Development of Hepatotoxicity Model in Rats and its Application in Evaluation of Hepatoprotective Activity of Cell Wall Contents of Probiotics

Shah G. H., Patel B. G., Shah G. B.


The objective of present work is Development of Hepatotoxicity model in rats and to evaluate hepatoprotective activity
of cell wall contents of probiotics. Animals were divided in four groups. The groups were normal saline group, diseased
control group, standard drug treated group and 4th group was CCl4 +Cell wall contents of probiotics. In diseased control
group chronic liver injury was induced by administration of Carbontetrachloride (CCl4) via intraperitoneal route (1 ml/kg)
for seventy days. For standard drug treated group 1 ml Silymarin suspension (Orally) and CCl4 was given for seventy days.
In fourth group cell wall contents (1 x 10 12 CFU/ml/animal) and CCl4 was given for seventy days.
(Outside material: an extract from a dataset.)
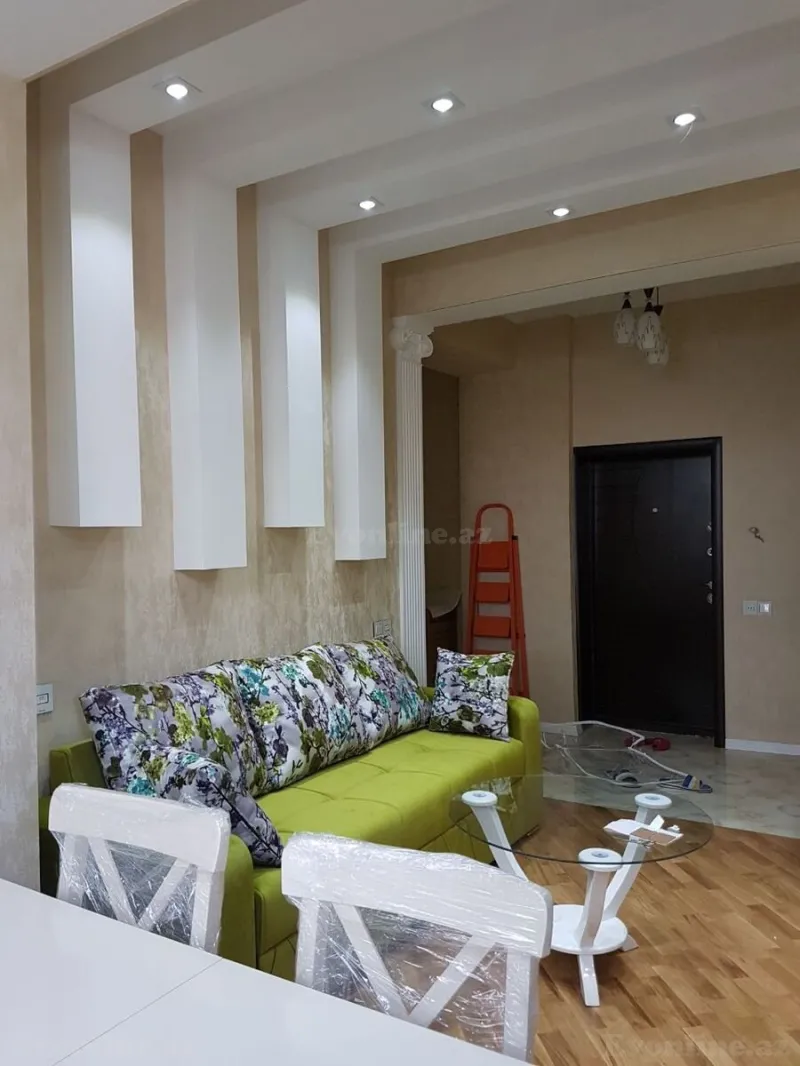Kirayə verilir 2 otaqlı Mənzil Yeni tikili 45 m² 28 May m. - şəkil 3
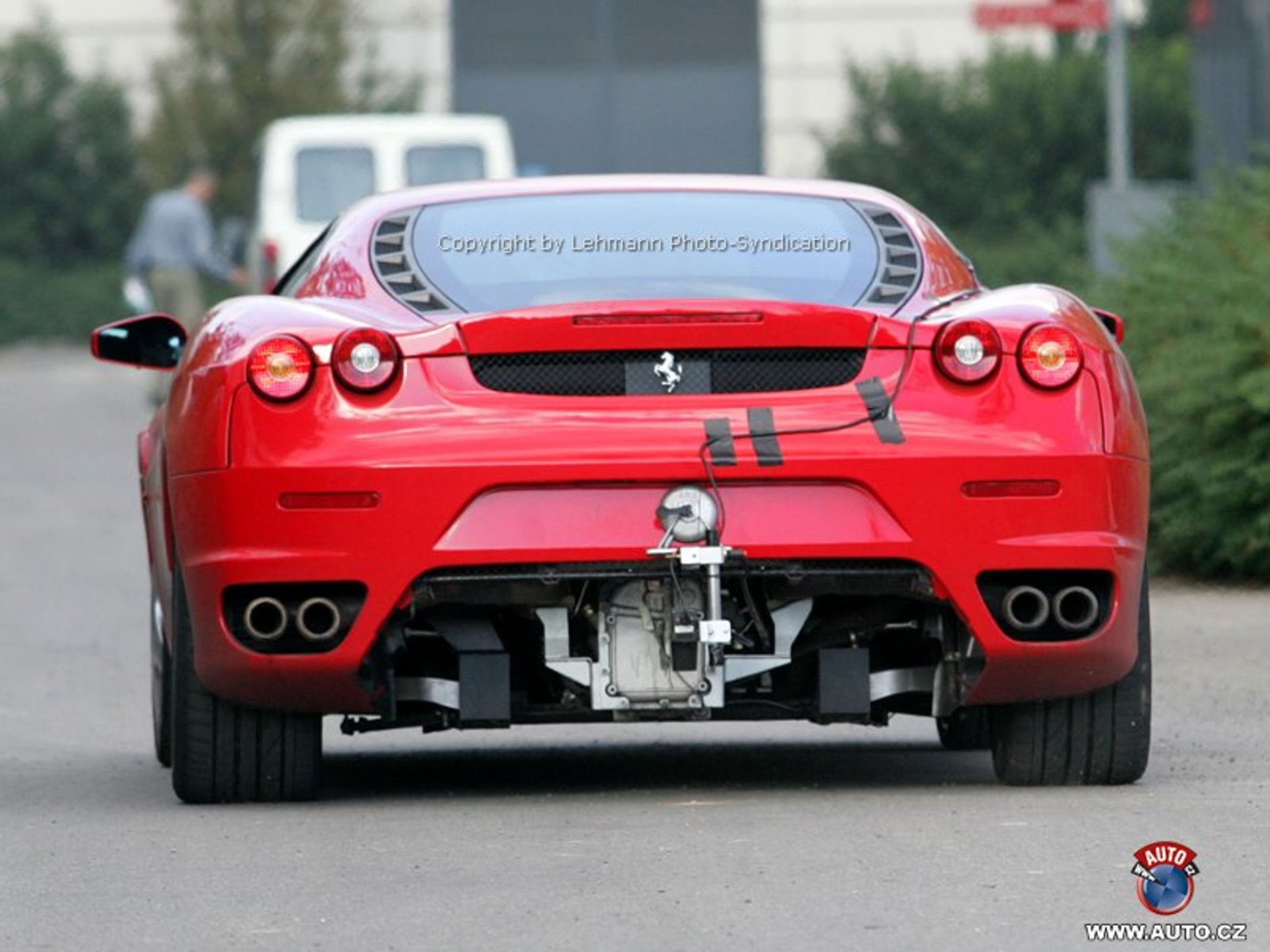 Zdjęcia szpiegowskie: tanie Ferrari Dino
During disease
induction and treatment period blood samples were collected and serum was separated which was used to analyse various
parameters like Alanine aminotransferase (ALT), Aspartate aminotransferase, (AST), Alkaline phosphate (ALP), direct
bilirubin, total protein and albumin levels to asses liver function. Along with these cholesterol, Glucose and
Malondialdehyde were also measured. Liver fibrosis and cirrhosis was quantified by histopathological studies of small
portion of the excised liver. Serum AST, ALT, ALP, and direct bilirubin were found to be significantly higher in CCl4
intoxicated rats. Total protein and albumin was decreased. Manondialdehyde was found to be significantly higher in CCl4
intoxicated rats which was main end product of Lipid Peroxidation. Whereas in cell wall contents probiotics and
silymarin treated group improve the liver functions in CCl4 toxicated rats. We conclude that protein oxidation may play a
role in the pathogenesis of CCl4 induced liver injury and that the accumulation of oxidised proteins may be an early
indication of CCl4 induced liver damage. Silymarin and cell wall contents of probiotics were effective in liver injury by
inhibiting protein oxidation.


Liver Fibrosis, Free Radicals, Lipid Peroxidation, Oxidative Stress, Carbon Tetrachloride, liver biomarkers, Cell wall content of probiotics.